[Excerpts from a dataset]
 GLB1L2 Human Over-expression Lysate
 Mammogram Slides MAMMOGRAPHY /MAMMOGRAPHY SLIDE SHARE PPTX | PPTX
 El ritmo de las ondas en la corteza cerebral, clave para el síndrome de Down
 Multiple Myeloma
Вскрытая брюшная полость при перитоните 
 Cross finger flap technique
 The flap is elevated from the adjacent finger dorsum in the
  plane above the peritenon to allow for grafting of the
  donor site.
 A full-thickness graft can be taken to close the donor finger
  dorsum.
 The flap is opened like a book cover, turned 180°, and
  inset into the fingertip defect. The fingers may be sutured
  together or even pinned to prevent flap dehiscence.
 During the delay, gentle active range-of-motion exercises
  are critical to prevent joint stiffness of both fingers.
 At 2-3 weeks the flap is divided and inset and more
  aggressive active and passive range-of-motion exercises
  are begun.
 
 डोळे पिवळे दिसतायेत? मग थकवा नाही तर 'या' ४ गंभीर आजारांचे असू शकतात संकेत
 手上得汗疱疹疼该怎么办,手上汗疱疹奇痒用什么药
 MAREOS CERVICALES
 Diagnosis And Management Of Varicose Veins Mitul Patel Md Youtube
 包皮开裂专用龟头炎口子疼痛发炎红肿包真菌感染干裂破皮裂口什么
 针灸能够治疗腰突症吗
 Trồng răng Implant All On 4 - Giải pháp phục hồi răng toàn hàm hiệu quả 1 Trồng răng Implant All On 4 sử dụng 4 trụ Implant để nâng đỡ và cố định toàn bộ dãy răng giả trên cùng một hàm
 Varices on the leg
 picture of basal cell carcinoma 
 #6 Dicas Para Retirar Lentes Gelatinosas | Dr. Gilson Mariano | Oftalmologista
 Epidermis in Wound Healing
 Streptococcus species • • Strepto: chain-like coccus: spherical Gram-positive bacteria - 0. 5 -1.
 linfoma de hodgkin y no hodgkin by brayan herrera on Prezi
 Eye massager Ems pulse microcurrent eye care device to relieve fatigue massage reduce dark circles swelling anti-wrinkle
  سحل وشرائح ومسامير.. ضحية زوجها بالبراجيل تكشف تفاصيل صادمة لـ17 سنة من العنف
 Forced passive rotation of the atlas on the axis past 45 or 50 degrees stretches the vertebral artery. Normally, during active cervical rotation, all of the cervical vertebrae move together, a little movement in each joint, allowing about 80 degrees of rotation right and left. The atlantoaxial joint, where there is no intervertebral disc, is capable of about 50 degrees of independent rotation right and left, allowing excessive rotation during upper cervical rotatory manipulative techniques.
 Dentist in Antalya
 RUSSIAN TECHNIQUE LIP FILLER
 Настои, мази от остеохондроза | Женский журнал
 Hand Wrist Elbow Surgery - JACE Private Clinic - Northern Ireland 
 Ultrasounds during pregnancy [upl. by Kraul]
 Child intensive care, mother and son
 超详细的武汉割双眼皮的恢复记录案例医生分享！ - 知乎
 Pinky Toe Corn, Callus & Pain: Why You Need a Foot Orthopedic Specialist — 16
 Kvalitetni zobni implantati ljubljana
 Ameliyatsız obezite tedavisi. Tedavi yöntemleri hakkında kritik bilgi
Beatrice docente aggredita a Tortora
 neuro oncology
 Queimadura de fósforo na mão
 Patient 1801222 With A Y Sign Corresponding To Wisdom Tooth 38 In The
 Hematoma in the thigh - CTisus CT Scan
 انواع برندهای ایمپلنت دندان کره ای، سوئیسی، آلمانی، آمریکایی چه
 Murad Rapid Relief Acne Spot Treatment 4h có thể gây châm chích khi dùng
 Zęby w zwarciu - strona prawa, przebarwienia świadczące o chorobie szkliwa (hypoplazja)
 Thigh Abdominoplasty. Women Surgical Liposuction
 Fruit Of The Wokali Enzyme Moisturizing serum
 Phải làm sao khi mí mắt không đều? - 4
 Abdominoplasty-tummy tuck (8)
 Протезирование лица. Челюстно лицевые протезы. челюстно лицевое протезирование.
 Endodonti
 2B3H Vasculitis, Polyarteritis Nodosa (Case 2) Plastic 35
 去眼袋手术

-- Exercise directions --
Word for word, output the records that appear above.

-- Answer to the problem --
 GLB1L2 Human Over-expression Lysate
 Mammogram Slides MAMMOGRAPHY /MAMMOGRAPHY SLIDE SHARE PPTX | PPTX
 El ritmo de las ondas en la corteza cerebral, clave para el síndrome de Down
 Multiple Myeloma
Вскрытая брюшная полость при перитоните 
 Cross finger flap technique
 The flap is elevated from the adjacent finger dorsum in the
  plane above the peritenon to allow for grafting of the
  donor site.
 A full-thickness graft can be taken to close the donor finger
  dorsum.
 The flap is opened like a book cover, turned 180°, and
  inset into the fingertip defect. The fingers may be sutured
  together or even pinned to prevent flap dehiscence.
 During the delay, gentle active range-of-motion exercises
  are critical to prevent joint stiffness of both fingers.
 At 2-3 weeks the flap is divided and inset and more
  aggressive active and passive range-of-motion exercises
  are begun.
 
 डोळे पिवळे दिसतायेत? मग थकवा नाही तर 'या' ४ गंभीर आजारांचे असू शकतात संकेत
 手上得汗疱疹疼该怎么办,手上汗疱疹奇痒用什么药
 MAREOS CERVICALES
 Diagnosis And Management Of Varicose Veins Mitul Patel Md Youtube
 包皮开裂专用龟头炎口子疼痛发炎红肿包真菌感染干裂破皮裂口什么
 针灸能够治疗腰突症吗
 Trồng răng Implant All On 4 - Giải pháp phục hồi răng toàn hàm hiệu quả 1 Trồng răng Implant All On 4 sử dụng 4 trụ Implant để nâng đỡ và cố định toàn bộ dãy răng giả trên cùng một hàm
 Varices on the leg
 picture of basal cell carcinoma 
 #6 Dicas Para Retirar Lentes Gelatinosas | Dr. Gilson Mariano | Oftalmologista
 Epidermis in Wound Healing
 Streptococcus species • • Strepto: chain-like coccus: spherical Gram-positive bacteria - 0. 5 -1.
 linfoma de hodgkin y no hodgkin by brayan herrera on Prezi
 Eye massager Ems pulse microcurrent eye care device to relieve fatigue massage reduce dark circles swelling anti-wrinkle
  سحل وشرائح ومسامير.. ضحية زوجها بالبراجيل تكشف تفاصيل صادمة لـ17 سنة من العنف
 Forced passive rotation of the atlas on the axis past 45 or 50 degrees stretches the vertebral artery. Normally, during active cervical rotation, all of the cervical vertebrae move together, a little movement in each joint, allowing about 80 degrees of rotation right and left. The atlantoaxial joint, where there is no intervertebral disc, is capable of about 50 degrees of independent rotation right and left, allowing excessive rotation during upper cervical rotatory manipulative techniques.
 Dentist in Antalya
 RUSSIAN TECHNIQUE LIP FILLER
 Настои, мази от остеохондроза | Женский журнал
 Hand Wrist Elbow Surgery - JACE Private Clinic - Northern Ireland 
 Ultrasounds during pregnancy [upl. by Kraul]
 Child intensive care, mother and son
 超详细的武汉割双眼皮的恢复记录案例医生分享！ - 知乎
 Pinky Toe Corn, Callus & Pain: Why You Need a Foot Orthopedic Specialist — 16
 Kvalitetni zobni implantati ljubljana
 Ameliyatsız obezite tedavisi. Tedavi yöntemleri hakkında kritik bilgi
Beatrice docente aggredita a Tortora
 neuro oncology
 Queimadura de fósforo na mão
 Patient 1801222 With A Y Sign Corresponding To Wisdom Tooth 38 In The
 Hematoma in the thigh - CTisus CT Scan
 انواع برندهای ایمپلنت دندان کره ای، سوئیسی، آلمانی، آمریکایی چه
 Murad Rapid Relief Acne Spot Treatment 4h có thể gây châm chích khi dùng
 Zęby w zwarciu - strona prawa, przebarwienia świadczące o chorobie szkliwa (hypoplazja)
 Thigh Abdominoplasty. Women Surgical Liposuction
 Fruit Of The Wokali Enzyme Moisturizing serum
 Phải làm sao khi mí mắt không đều? - 4
 Abdominoplasty-tummy tuck (8)
 Протезирование лица. Челюстно лицевые протезы. челюстно лицевое протезирование.
 Endodonti
 2B3H Vasculitis, Polyarteritis Nodosa (Case 2) Plastic 35
 去眼袋手术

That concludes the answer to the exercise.